Since this is basically a low-intermediate chair, hardly anyone ever ventures into these patches, and there is always snow, sometimes for days after a dump. The trees are not really thinned out at all, but the elevation is high enough that undergrowth is non-existent, and the trees grow far enough apart that, given the shallowness of the slope, it is a manageable trip.

We tried the trees off of Grey Wolf, skier’s left, down the steep slope towards Gunner’s View. This is a double fall line, and the trees are wide apart. We picked our way through, and hit the gentler slopes midway, swooping in and out at the edge of the packed slope.

“We’ve got to do that again!” shouted Annie at the bottom, after a high five for the sheer joy of it.

So back up we go, this time falling down into the Sandy Park chutes, aiming for the apex where Bear Bottom splits off from Gunner’s view. This patch of trees proved … simply heavenly. Most turns, I would brush the evergreen branches. Every ten turns or so, in the upper third, we’d drop out onto a narrow cat track, then flop back into the ten foot high forest. Most of the spaces were either filled in, or totally fresh. Turns were quick, and if you missed, you had to stop and start up again, putting a premium on not missing any beats.
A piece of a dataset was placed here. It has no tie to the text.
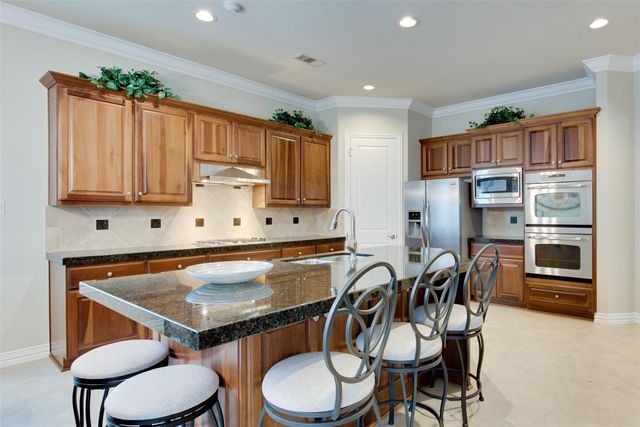 2011 Flower Garden Lane, Houston, TX 77077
The flattish light of the early January late afternoon snow squall disappeared within the woods. The greens stood out garishly, a peripheral blur as we smoked and slithered our way in between. We moved mostly with our middles, keeping feet and shoulders calm, and using our cores to twist side to side and drop up and down. Sometimes the space was so tight, I had to fight my way through, throwing one or both hands out front to become narrow enough to fit. The soft snowflakes on my face kept me from overheating, and my helmet came in handy every now and then as I ducked under or around a misplaced branch.
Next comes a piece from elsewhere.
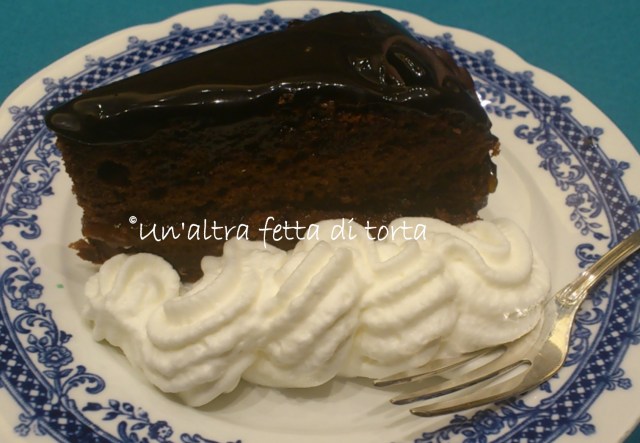 sacher mamma modica (8)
Later, in the hot tub watching the sun ever so briefly pop out for a last gasp before dying below the ridge, I realised I’d never skied exactly that tree run before. The snow was perfect, the spaces were perfect, and Annie never missed a turn behind me. I’d stop, and there she’d be, beaming, almost laughing at the joy of movement.
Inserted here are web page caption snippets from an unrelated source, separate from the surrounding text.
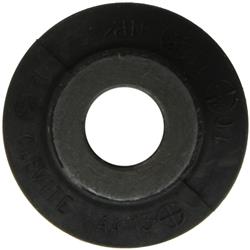 Moog M12-K200246 Control Arm Bushing for 2006 Ford Escape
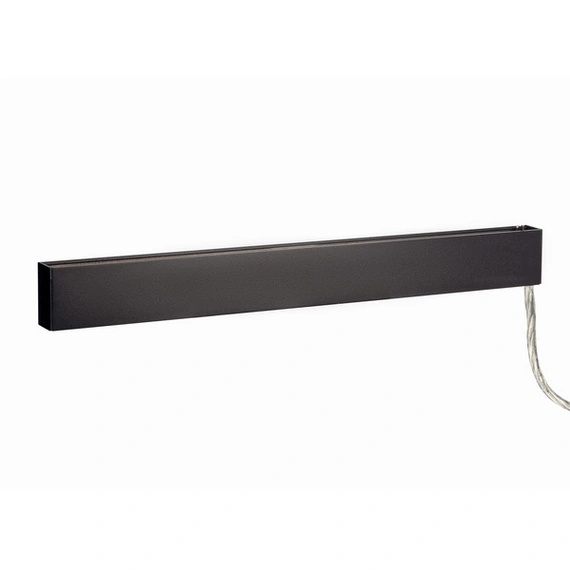Подвес с блоком питания ZARLight 033413B Galaxy Surface G-SP BOX-200W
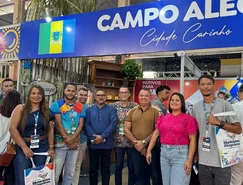 WhatsApp Image 2026-01-24 at 10.52.23 (3).jpeg 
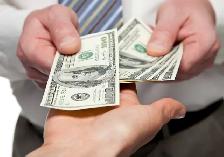 Help Wanted - $50 Per Sale (Cash Paid)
We hit those trees again at the end of the next day, and the next. By the third time around, the snow had stopped falling, and our speed downhill rose precipitously. Not as much fun, but exhilarating nonetheless, for it being that much harder.

I’ve only named a few runs on the mountain. There’s Dave’s Run, a sneaky route through the trees at the top of the Burn, heading across the face down into – whatever you want to do on the bottom third. There’s Wipeout Hill, the treacherous cliff my sister and I confronted on the bunny slope when we were just learning the ropes. (Now, it’s hard to tell it apart from the cat track that leads into it). There’s my run, which meanders from the very top, over the Headwall, into the Dikes, and then swoops through Pinball Alley and the creek below it, ending at the Sheer Bliss lift after nearly 3000 vertical feet of off track heaven. There’s The Sidehill, a small patch just ABOVE my run, right after the spot where Sheer Bliss run drops onto the Trestle cat track. This one is a sharp right turn UPHILL, then a quick up unweight to the left and two more turns down the face, back to the right onto the cat track. It is purely for show, my little version of the X Games.

And now, there is Annie’s Trees, just tight enough for a 5’5’’ snowboarder to snake through and remain upright and jubilant.